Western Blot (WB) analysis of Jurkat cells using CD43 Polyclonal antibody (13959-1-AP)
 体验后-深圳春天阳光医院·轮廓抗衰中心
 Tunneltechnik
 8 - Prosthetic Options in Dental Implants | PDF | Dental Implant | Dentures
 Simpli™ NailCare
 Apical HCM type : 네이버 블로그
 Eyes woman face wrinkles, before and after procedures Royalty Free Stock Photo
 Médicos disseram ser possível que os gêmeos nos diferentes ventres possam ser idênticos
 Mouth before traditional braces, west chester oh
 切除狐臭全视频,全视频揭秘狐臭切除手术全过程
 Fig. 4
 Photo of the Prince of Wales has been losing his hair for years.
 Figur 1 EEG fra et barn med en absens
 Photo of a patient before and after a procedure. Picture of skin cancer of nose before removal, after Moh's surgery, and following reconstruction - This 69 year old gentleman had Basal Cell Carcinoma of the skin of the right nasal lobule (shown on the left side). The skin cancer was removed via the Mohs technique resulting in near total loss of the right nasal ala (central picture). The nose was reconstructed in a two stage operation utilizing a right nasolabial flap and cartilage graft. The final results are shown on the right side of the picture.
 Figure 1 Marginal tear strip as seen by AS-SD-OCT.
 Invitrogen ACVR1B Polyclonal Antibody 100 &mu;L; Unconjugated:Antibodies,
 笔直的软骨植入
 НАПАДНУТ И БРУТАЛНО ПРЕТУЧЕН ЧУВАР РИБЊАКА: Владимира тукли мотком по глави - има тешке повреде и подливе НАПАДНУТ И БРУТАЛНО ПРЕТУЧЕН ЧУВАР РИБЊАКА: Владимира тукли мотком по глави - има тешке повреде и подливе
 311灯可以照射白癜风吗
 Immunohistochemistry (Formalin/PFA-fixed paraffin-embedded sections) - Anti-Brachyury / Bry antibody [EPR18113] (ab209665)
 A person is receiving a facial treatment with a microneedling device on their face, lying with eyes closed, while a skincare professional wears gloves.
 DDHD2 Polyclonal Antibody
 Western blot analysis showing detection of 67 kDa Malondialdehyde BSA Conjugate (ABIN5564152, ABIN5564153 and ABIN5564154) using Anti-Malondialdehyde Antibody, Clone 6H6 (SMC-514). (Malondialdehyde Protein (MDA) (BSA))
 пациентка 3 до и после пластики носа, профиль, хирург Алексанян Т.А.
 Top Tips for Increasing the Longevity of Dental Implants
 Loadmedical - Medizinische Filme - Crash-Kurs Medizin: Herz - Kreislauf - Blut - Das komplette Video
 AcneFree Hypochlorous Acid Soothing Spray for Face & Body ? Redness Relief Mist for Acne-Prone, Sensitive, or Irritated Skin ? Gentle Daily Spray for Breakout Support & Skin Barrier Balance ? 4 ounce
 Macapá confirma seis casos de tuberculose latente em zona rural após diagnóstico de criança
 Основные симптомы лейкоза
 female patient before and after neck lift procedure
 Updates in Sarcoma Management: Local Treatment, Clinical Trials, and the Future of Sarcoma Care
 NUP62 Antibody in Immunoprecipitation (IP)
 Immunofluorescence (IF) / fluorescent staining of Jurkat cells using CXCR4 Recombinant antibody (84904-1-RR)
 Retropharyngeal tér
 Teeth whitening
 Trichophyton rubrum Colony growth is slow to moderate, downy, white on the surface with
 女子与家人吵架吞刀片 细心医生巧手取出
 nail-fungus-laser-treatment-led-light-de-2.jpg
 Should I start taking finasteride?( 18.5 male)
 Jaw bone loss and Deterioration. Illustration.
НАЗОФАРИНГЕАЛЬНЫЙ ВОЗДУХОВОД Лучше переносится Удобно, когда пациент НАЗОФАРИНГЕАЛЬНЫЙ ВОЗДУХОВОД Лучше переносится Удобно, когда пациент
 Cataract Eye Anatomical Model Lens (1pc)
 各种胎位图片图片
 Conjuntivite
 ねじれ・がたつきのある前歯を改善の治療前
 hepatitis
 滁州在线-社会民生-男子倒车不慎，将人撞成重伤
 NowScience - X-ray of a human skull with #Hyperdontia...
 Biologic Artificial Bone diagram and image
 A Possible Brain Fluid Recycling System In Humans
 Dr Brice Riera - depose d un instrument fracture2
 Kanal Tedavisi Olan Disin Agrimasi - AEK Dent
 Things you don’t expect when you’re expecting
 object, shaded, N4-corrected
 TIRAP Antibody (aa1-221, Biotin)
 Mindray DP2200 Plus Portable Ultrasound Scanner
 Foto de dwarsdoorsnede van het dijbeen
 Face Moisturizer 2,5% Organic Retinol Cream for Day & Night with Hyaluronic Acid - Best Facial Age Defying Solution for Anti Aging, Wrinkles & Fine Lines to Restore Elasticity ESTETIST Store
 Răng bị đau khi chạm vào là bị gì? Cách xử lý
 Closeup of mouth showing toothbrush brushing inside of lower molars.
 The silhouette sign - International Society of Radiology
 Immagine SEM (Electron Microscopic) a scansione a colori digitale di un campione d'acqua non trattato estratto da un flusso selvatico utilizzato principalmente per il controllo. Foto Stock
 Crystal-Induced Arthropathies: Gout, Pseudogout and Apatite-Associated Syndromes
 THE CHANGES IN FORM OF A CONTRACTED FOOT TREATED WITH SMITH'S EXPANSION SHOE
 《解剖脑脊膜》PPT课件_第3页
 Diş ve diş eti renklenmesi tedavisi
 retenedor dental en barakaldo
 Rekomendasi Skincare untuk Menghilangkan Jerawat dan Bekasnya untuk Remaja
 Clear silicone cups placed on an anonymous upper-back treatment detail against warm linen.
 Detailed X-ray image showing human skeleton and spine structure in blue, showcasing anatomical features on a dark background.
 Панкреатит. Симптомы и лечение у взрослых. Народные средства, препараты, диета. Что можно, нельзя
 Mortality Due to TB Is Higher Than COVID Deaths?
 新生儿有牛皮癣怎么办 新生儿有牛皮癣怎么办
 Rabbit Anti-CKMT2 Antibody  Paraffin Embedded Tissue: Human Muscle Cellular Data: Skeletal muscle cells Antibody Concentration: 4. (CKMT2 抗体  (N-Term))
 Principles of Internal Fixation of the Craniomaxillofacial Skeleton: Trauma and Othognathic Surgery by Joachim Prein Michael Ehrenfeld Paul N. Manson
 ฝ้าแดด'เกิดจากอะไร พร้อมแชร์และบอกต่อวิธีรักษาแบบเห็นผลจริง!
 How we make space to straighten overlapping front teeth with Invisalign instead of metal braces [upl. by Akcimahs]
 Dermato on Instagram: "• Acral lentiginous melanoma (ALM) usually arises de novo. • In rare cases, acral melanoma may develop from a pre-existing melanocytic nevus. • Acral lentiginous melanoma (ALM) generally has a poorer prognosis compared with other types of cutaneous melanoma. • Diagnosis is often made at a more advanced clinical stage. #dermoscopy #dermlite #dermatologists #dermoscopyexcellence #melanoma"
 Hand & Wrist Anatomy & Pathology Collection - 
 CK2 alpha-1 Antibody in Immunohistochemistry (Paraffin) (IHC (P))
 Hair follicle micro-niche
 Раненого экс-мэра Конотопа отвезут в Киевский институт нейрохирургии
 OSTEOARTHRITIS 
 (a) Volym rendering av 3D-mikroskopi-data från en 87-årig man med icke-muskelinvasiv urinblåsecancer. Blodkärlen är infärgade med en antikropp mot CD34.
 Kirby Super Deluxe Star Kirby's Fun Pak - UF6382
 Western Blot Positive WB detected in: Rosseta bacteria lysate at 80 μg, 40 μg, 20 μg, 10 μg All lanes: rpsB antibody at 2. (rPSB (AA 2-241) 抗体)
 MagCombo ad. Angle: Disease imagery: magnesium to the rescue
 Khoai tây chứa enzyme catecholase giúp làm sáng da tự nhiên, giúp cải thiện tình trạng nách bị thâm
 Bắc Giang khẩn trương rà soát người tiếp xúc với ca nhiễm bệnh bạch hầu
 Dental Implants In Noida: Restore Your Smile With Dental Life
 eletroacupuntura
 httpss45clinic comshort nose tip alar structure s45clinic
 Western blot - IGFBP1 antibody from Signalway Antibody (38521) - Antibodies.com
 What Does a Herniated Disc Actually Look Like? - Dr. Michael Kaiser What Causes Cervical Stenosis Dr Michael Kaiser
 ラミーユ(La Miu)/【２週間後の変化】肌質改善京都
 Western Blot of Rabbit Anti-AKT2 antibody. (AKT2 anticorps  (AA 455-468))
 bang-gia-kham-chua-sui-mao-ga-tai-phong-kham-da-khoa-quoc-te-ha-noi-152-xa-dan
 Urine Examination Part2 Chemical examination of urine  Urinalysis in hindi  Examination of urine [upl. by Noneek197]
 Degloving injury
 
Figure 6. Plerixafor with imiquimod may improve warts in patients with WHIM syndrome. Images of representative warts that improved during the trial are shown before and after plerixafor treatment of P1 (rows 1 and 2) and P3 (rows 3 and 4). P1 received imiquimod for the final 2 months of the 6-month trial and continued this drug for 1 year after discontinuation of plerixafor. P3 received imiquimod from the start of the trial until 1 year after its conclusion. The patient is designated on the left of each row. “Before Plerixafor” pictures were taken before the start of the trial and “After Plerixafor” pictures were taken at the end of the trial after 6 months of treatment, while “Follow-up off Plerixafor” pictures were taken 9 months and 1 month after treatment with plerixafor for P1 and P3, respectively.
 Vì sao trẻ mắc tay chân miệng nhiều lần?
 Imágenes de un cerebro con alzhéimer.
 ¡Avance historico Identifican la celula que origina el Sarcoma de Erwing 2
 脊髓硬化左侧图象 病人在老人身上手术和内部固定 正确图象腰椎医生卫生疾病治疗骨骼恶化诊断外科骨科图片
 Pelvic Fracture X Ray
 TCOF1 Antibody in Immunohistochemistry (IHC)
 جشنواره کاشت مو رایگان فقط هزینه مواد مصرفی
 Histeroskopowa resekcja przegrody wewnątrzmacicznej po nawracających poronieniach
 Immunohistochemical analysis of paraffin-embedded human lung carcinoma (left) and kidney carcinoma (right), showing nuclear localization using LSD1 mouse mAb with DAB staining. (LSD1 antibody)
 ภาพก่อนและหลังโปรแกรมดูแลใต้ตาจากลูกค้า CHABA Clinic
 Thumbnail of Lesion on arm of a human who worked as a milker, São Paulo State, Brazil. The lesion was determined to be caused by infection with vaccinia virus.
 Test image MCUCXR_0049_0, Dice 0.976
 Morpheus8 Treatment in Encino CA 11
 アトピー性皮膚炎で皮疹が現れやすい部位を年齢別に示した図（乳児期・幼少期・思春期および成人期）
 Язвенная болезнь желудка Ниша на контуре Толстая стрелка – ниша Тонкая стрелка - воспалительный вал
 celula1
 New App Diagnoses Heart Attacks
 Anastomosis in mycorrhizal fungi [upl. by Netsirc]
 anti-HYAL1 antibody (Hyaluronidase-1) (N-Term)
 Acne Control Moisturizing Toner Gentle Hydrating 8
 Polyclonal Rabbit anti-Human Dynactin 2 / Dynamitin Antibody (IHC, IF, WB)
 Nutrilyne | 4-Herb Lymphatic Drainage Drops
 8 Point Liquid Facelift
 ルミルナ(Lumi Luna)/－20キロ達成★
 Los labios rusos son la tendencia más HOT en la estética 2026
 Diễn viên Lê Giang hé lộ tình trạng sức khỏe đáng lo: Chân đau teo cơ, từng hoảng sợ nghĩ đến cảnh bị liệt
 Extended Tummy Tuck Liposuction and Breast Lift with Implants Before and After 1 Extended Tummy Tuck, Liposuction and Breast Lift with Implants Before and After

> [PROBLEM TO WORK ON]
Which lines above carry the string "Michael"? Copy those lines.

> [SOLVED PROBLEM]
 Principles of Internal Fixation of the Craniomaxillofacial Skeleton: Trauma and Othognathic Surgery by Joachim Prein Michael Ehrenfeld Paul N. Manson
 What Does a Herniated Disc Actually Look Like? - Dr. Michael Kaiser What Causes Cervical Stenosis Dr Michael Kaiser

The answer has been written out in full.